03:06PM, Tuesday 15 September 2020
The heroes who protected the nation during the Battle of Britain 80 years ago were remembered in Burnham today (Tuesday).
Socially-distant well-wishers observed a two-minute silence at Burnham War Memorial, in Burnham Park, to mark Battle of Britain Day and pay tribute to the men and women who gave everything to preserve the freedom of the nation.
Maidenhead and the surrounding areas have a close association with the pivotal battle. Wing Commander James Nicholson, who trained at White Waltham airfield, was awarded the Victoria Cross for his bravery in combat above the English Channel.
The Air Transport Auxillary (ATA), based at White Waltham, was pivotal to the Allies’ success in the battle, delivering aircraft to the frontlines so pilots whose planes had been shot down or damaged could get back in the air.
Speaking to the Advertiser, Richard Poad, chairman of the Maidenhead Heritage Centre, said: “The ATA’s involvement was simple, to take airplanes to the front line squadrons so they could fly into battle.
“Quite often the reaction from the pilots was ‘thank god for that, you’ve brought us something flyable.’”

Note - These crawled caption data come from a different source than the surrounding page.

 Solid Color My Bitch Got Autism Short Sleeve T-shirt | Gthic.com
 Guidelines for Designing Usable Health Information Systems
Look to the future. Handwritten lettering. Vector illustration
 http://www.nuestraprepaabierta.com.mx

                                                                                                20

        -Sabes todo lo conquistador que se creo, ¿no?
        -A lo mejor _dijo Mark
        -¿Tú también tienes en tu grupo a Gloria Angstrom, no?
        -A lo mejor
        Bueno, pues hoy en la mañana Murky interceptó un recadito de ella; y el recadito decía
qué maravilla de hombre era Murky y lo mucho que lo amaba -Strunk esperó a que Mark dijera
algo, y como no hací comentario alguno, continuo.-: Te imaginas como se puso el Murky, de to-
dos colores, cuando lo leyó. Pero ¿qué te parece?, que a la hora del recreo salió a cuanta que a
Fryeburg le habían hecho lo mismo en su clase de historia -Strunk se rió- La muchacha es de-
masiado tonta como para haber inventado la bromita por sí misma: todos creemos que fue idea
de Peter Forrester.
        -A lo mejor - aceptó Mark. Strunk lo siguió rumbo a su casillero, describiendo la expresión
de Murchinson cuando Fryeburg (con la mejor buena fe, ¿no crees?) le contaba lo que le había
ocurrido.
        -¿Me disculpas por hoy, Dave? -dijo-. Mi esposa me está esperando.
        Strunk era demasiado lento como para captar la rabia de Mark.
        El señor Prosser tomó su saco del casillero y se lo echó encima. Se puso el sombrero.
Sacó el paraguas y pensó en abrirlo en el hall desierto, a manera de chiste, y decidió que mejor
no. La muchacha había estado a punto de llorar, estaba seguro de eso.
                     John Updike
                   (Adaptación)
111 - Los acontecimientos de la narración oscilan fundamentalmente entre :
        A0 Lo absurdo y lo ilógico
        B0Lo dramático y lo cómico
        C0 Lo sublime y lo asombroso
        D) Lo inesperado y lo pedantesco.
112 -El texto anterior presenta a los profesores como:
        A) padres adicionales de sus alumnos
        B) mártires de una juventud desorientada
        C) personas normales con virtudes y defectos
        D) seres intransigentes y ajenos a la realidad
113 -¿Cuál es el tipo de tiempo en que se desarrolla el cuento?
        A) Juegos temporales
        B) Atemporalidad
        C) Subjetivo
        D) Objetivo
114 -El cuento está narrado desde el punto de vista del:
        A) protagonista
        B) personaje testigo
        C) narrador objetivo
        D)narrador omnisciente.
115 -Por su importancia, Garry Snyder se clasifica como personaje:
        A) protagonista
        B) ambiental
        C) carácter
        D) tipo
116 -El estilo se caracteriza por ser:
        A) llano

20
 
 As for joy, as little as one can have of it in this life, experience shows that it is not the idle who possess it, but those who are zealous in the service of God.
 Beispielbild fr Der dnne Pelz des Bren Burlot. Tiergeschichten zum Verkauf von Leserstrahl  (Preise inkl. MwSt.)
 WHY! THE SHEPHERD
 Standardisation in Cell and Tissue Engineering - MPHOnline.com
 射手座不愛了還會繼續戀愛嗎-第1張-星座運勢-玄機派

“If you talked to the people on the ground, the engineers that were on the airfield, they would say we weren’t heroes, the pilots were heroes.

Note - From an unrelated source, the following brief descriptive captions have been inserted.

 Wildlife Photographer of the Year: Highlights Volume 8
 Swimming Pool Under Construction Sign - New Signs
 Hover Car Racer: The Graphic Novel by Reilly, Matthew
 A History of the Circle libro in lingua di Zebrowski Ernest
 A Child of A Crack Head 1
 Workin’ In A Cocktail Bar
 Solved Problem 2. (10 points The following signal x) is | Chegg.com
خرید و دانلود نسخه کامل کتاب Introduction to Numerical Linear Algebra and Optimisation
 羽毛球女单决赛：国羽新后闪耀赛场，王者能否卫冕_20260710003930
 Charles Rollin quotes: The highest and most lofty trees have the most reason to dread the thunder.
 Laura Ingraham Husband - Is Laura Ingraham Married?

“The pilots that flew into battle, with the odds they were up against, it's just mind-blowing, but they were supported by a fantastic ground team who were so determined, they were all part of the team.”
Following the battle, the members of the ATA were praised for their crucial efforts in what turned out to be a pivotal moment of the Second World War.
Lord Beaverbrook, who was Churchill’s minister of aircraft production, lead the praise. After the battle, he said: “The ATA sustained and supported the Royal Air Force in battle.
“They were soldiers fighting in the struggle just as completely as if they had been engaged on the battlefront.”